A inflação persistentemente alta como vista em fevereiro, o cenário externo desafiador gerado pelas incertezas trazidas por Donald Trump e as dificuldades políticas que fizeram com que só agora em março a discussão do Orçamento 2025 pudesse ser iniciada não deixam dúvidas sobre o tamanho do desafio de Lula e de seu governo para recuperar popularidade. A base é pequena, a direita parece mais organizada nas redes e o Executivo patinou nas ações e nas comunicações em sua primeira metade. Só um personagem tem ajudado Lula: o ex-presidente Jair Bolsonaro (PL).
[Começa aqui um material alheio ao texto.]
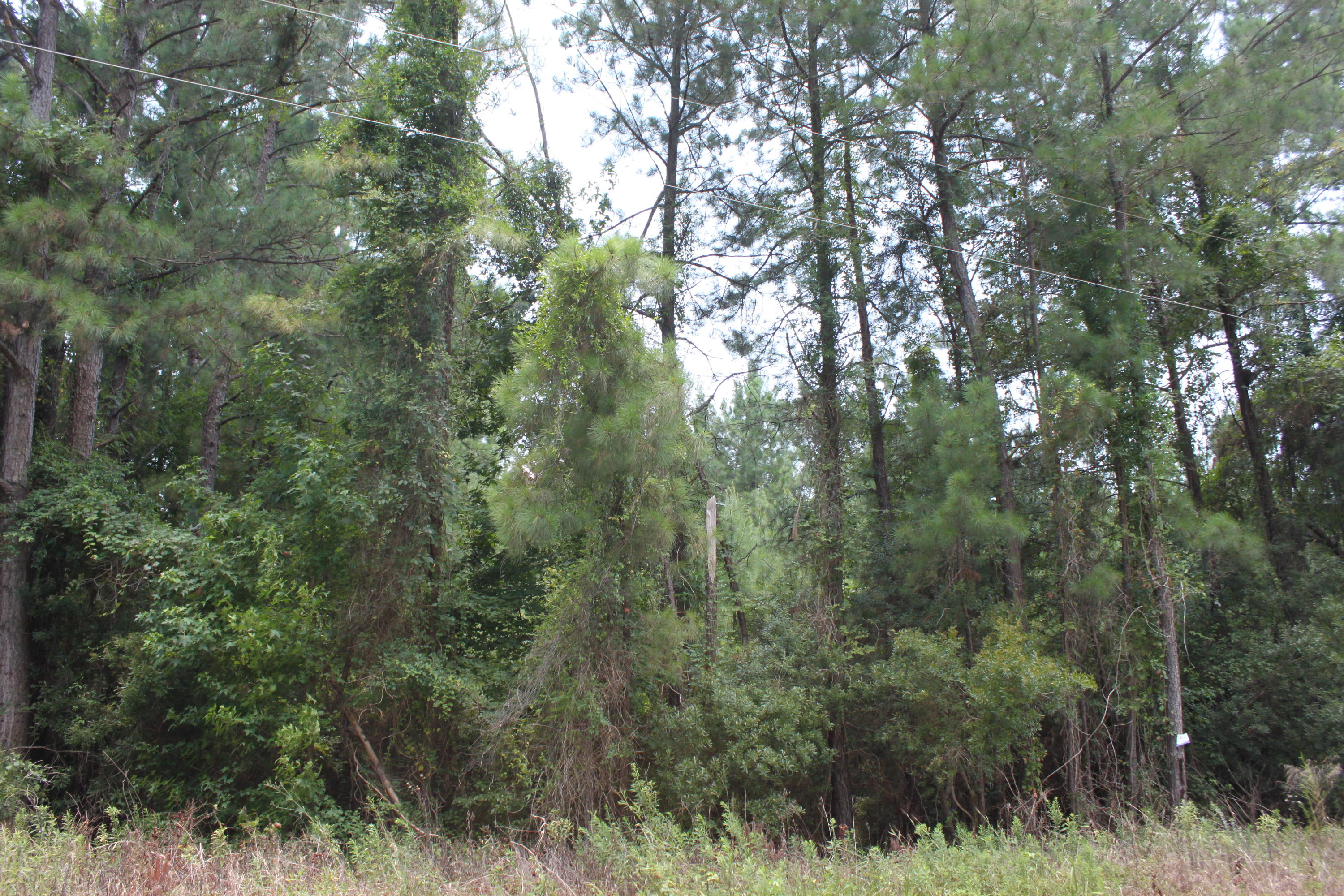 141 Rice Road Ridgeville, SC 29472 - Photo 4 of 8 IMG_0393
O ato deste fim de semana, em Copacabana, no Rio de Janeiro, é um bom exemplo de como, pelo puro interesse pessoal de não ir para a cadeia e para recuperar sua elegibilidade, Bolsonaro dá uma força a um governo nas cordas. O principal tema da manifestação é a anistia aos presos pelos atos golpistas de 8 de Janeiro. A sociedade se divide sobre esse perdão, mas rejeita majoritariamente o que se viu na Praça dos Três Poderes em 2023. Também rejeita, como mostram as pesquisas, qualquer iniciativa de enfraquecimento da Ficha Limpa, outro caminho para tentar salvar o futuro de Bolsonaro.

Se o ex-presidente fizesse essa movimentação sozinho, vá lá, mas ele obriga que sua base aliada trabalhe inteira com esse tema no topo das prioridades. Quem ousa desviar-se para outros assuntos, como Nikolas Ferreira na história do Pix, ou busca outras alternativas, por exemplo, é repreendido nas entrelinhas e lembrado de que pode perder o apoio e ver a máquina bolsonarista mudar de rumos. Quem ousa enfatizar a importância de Tarcísio de Freitas como opção para 2026 é acusado de “trabalhar pelo sistema”. A ordem é manter o candidato inelegível como prioridade. E se ele for substituído de última hora, o que é inevitável, que seja por um membro da família Bolsonaro.
A manifestação até poderia ser um pedido por impeachment de Lula, como queriam alguns apoiadores. E com o foco principal nas dificuldades econômicas sustentadas pelo país, por mais que não seja este o remédio para um governo ruim. Pregar a saída de quem está no poder (por meios democráticos) faz parte do jogo político. Mas Bolsonaro desautorizou e deu a ordem de que a pauta principal é a anistia e que só se pode falar na saída do presidente atual se for “Fora Lula em 2026″. É uma estratégia de deixar fazer o governo sangrar até lá.
Quando começou a discussão sobre a saída de Lula da prisão e a retomada de seus direitos políticos, Bolsonaro teve atuação discreta. Seus aliados diziam na época que era melhor enfrentar um Lula fragilizado após mais de 580 dias preso por corrupção do que um nome como o dos então governadores João Doria, Wilson Witzel ou do hoje senador Sérgio Moro, que bebiam da mesma fonte da antipolítica. Como se viu em 2022, não deu certo para Bolsonaro. Como não deu para os tucanos que também avaliavam, após o mensalão, que era melhor deixar Lula sangrar até as eleições de 2006 para derrotá-lo nas urnas.
Nos dois casos, Lula se recuperou. A situação agora parece mais complexa pois o desgaste do petista se dá em um campo que sempre dominou, o debate da pauta econômica. Mas Bolsonaro tem outras prioridades, que inclusive obrigam seus aliados a abraçarem Donald Trump, a despeito dos evidentes prejuízos políticos da vinculação a um político que tem causado desordem econômica mundial e taxado países. Trump vem gerando dificuldades sobretudo para os conservadores que com ele se alinham pelo mundo. Em muitos países esses grupos correram para se desvencilhar do presidente norte-americano, passando a criticá-lo. Bolsonaro, porém, exige fidelidade àquele que ele acha que tem algum interesse em salvá-lo. Mas quem vai salvar a direita dele?